= Coordinator of Indigenous Organizations of the Amazon River Basin =

Coordinates national Amazonian indigenous organizations

COICA logo

Coordinator of Indigenous Organizations of the Amazon River Basin (COICA) (Spanish: Coordinadora de las Organizaciones Indígenas de la Cuenca Amazónica) was founded in 1984 in Lima, Peru. This organization coordinates the following nine national Amazonian indigenous organizations:
- Asociación Interétnica de Desarrollo de la Selva Peruana (AIDESEP)
- Amerindian People's Association of Guyana (APA)
- Confederación de Pueblos Indígenas de Bolivia (CIDOB)
- Coordenação das Organizações Indígenas da Amazônia Brasileira (COIAB)
- Confederation of Indigenous Nationalities of the Ecuadorian Amazonia (CONFENIAE)
- Regional Organization of Indigenous Towns of the Amazon (ORPIA)
- Federation des Organisations Amerindiennes de Guyane (FOAG)
- Organisatie van Inheemsen in Suriname (OIS)
- Organization of the Indigenous Towns of the Colombian Amazonia

The objectives of the COICA organization are to promote and develop mechanisms that encourage the interaction of Indigenous peoples with the member organizations of COICA, to defend the self-determination of Indigenous peoples, to respect the human rights of its members, to coordinate the actions of its members on an international level, to fortify and cultivate mutual collaboration between all Indigenous peoples of the region, and to promote the cultural vindication of its members.

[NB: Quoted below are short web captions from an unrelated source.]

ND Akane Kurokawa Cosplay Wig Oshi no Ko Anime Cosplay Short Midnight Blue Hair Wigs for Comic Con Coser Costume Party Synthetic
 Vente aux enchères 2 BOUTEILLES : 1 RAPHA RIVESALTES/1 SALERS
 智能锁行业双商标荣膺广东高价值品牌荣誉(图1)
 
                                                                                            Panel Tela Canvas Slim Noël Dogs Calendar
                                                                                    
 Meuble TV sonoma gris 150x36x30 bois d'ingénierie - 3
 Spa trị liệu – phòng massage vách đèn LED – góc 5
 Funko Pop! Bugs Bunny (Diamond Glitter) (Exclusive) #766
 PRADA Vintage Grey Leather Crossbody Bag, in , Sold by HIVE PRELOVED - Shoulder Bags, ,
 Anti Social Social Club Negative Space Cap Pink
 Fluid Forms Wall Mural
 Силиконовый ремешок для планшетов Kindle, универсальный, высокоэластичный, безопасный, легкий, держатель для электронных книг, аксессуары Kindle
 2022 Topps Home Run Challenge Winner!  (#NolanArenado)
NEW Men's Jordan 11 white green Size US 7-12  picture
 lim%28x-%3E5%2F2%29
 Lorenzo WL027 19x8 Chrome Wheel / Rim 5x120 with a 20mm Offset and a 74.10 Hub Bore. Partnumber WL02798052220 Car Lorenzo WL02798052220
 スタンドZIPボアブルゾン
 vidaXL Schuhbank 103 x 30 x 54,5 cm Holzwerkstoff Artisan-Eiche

Some of the initiatives that COICA has been able to accomplish include allowing indigenous peoples to be educated in their native languages and the foundation of an Amazon Indigenous University. Accomplishments such as these have encouraged the revitalization of traditional cultures. In 1993, COICA's headquarters was permanently relocated to Quito, Ecuador. Here the organization has received legal recognition by the Ecuadorian state.